Relational Query Language
Alternative to SQL
SQL is the COBOL of relational languages
DRAFT 9/17/2002
What if relational expressions were defined as a sequence of transformations on record sets (virtual or actual)?
The idea was inspired by three different sources. The
first is from this link:
http://www.mcjones.org/System_R/bs12.html
It describes an experimental database system
called "Business System 12" (BS12) which was
a competitor to SQL around the time SQL was
being designed. Here is an
excerpt from it:
[DEFINE] T1 = JOIN(EMP, DEPT)
T2 = SUMMARY(T1, GROUP(DEPTNUM), EMPS=COUNT,
SALSUM=SUM(SALARY))
T3 = SELECT(T2, SALSUM > BUDGET)
etc.
My second influence came from functional
programming concepts, and the third from my
experience with
XBase.
The format I am thinking about would be something like:
Tnew = operation(T1...Tn, expression1...expressionN)
Where Tx is a table or record-set reference. These references may be temporary, virtual, or actual. Expressions would reference (have scope on) only a maximum of two tables per operation. It is sort of like a math expression where the base operations have only 2 operands. It also allows more reuse because it is reference-based instead of nested-based, like SQL.
More on this below.
Limiting expression scope to two tables at a time simplifies things. If you want to filter based on a joined result, then you join it in a prior statement so that you are usually dealing with a "flat" view at any given operation, or at least no more than 2 "table sources" at a time.
Note that a field-list is considered a (virtual) table with one column. Thus, I did not include a "field list" parameter type. For example, if one of the parameters was "[name, start_date, serial]", then it would be internally converted into a table like:
columnName
----------
"name"
"start_date"
"serial"
Anyhow, typical queries may resemble:
T1 = filter(fooTable, x > y)
T2 = lookup(T1, barTable, [[amt][charge]], 1.serial = 2.ssn)

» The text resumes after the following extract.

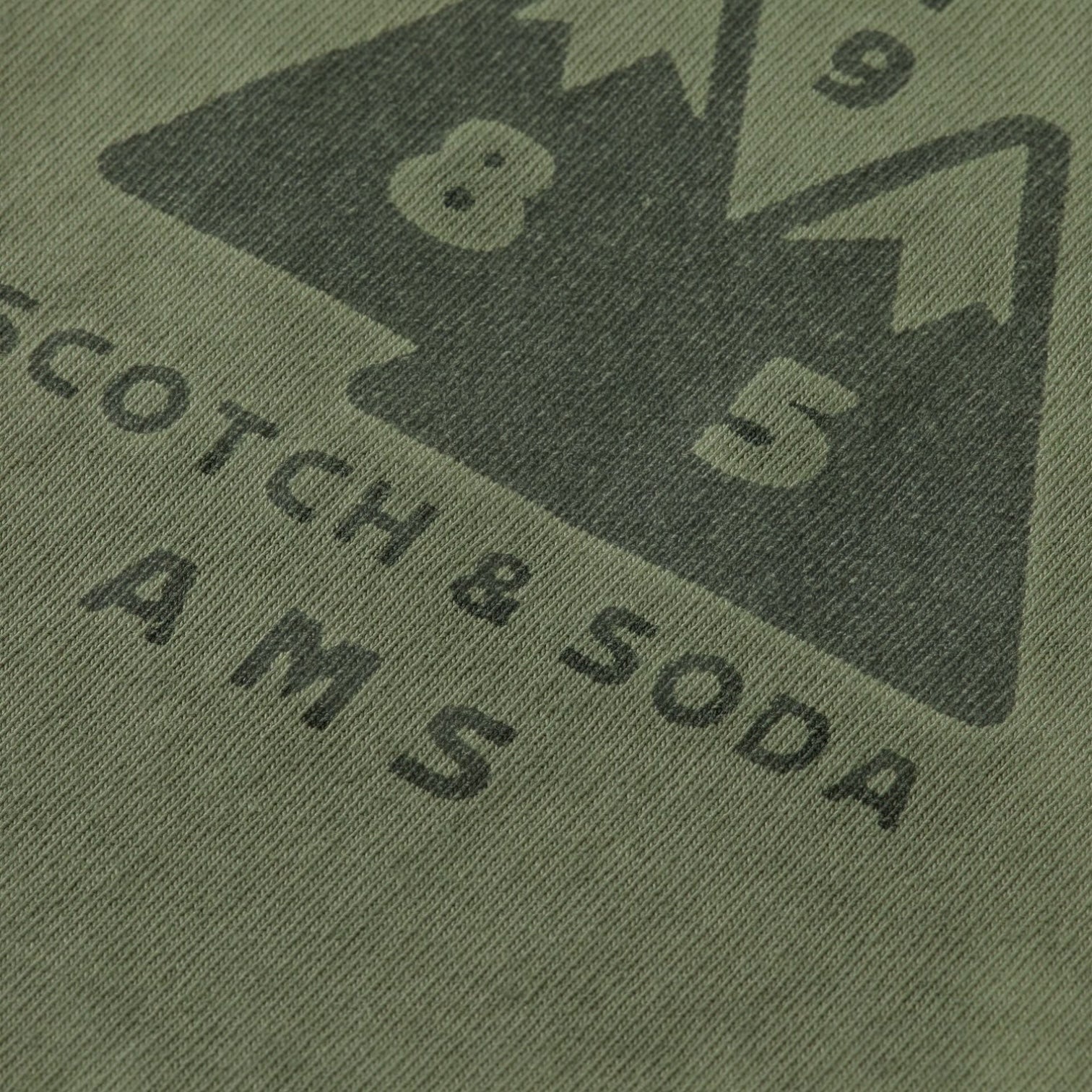 Loose Fit Garment Dye AW T-Shirt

T3 = groupSum(T2, [empNo], [Amt])
....
You don't have to name the temporary record aliases "Tx"; it is just a convention here to make it clear what is external tables and what is internal tables, kind of like SQL table aliases. Perhaps a special symbol should be used for temporary/virtual tables, such as an ampersand or dollar sign:
$T2 = operation($T1, permTable)
The advantage over SQL is that first one can think more sequentially, and in smaller chunks at a time. Second it can be more easily debugged sequentially. For example, you could do:
T1 = filter(fooTable, "x > y")
T2 = lookup(T1, barTable, [[amt][charge]], 1.serial = 2.ssn)
usr:TempTable4 = copy(T2)
T3 = groupSum(T2, [empNo] [Amt])
....
"Copy" would copy the work table T2 to a specified database saving area.
Note that other programmers have complained about the non-sequential nature of SQL besides me. It is not just the thought process, but also that there is insufficient separation of scope in SQL. A column name reference has to be unambiguous, and if you have many Selects in SQL, it gets harder and harder to keep the name-space clean without lots of explicit table or alias references. Things get too "global" in SQL such that you can't really test in pieces because they are all "integrated".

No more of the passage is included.